(Brief descriptive captions)
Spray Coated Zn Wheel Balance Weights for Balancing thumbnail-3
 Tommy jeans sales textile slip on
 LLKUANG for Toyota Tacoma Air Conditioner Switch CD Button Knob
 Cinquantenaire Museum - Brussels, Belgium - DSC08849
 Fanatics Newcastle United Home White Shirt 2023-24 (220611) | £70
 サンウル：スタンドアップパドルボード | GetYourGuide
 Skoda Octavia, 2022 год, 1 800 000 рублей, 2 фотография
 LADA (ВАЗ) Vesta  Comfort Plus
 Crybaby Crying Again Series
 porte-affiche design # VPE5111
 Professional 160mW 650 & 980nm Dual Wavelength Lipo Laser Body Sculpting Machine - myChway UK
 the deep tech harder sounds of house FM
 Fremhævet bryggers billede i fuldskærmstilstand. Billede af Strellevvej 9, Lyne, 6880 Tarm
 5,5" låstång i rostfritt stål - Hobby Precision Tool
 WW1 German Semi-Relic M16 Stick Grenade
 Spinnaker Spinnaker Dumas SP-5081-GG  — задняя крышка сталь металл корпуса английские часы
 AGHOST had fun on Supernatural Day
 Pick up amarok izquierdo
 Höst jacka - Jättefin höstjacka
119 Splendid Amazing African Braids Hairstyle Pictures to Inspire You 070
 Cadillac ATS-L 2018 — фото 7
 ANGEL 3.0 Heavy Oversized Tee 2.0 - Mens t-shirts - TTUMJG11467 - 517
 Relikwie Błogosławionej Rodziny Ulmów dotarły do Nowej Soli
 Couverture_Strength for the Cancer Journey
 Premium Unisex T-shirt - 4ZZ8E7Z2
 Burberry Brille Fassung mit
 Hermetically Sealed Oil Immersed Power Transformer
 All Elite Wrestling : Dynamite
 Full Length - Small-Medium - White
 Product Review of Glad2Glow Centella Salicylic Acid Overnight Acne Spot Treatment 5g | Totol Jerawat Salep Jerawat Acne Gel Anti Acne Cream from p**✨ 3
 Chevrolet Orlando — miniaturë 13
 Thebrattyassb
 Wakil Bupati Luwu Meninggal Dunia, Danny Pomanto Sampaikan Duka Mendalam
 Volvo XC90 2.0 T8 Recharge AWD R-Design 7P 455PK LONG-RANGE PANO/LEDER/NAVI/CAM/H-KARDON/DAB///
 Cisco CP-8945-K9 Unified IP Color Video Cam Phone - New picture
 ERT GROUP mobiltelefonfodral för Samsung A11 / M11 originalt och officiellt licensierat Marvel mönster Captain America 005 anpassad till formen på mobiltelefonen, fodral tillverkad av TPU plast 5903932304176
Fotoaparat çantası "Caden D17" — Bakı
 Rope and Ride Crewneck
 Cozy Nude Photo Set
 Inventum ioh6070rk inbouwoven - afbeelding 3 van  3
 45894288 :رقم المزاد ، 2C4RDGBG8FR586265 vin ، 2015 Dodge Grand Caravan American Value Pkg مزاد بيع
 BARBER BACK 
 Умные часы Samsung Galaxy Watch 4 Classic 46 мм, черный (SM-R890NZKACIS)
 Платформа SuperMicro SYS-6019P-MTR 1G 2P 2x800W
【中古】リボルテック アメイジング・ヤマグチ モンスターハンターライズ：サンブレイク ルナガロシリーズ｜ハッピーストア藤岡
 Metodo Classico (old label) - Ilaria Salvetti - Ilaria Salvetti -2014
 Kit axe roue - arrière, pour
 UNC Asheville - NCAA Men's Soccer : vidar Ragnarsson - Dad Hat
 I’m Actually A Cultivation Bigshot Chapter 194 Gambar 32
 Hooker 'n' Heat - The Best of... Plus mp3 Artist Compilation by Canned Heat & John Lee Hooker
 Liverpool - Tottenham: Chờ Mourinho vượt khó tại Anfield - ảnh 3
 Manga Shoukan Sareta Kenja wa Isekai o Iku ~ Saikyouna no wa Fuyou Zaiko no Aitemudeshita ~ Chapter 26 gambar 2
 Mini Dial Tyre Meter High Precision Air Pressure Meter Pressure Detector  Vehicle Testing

**To do:**
Nothing but the lines from the one with "Hooker 'n' Heat" through the last line of the records above should be retyped, and those word for word.

**Written response:**
 Hooker 'n' Heat - The Best of... Plus mp3 Artist Compilation by Canned Heat & John Lee Hooker
 Liverpool - Tottenham: Chờ Mourinho vượt khó tại Anfield - ảnh 3
 Manga Shoukan Sareta Kenja wa Isekai o Iku ~ Saikyouna no wa Fuyou Zaiko no Aitemudeshita ~ Chapter 26 gambar 2
 Mini Dial Tyre Meter High Precision Air Pressure Meter Pressure Detector  Vehicle Testing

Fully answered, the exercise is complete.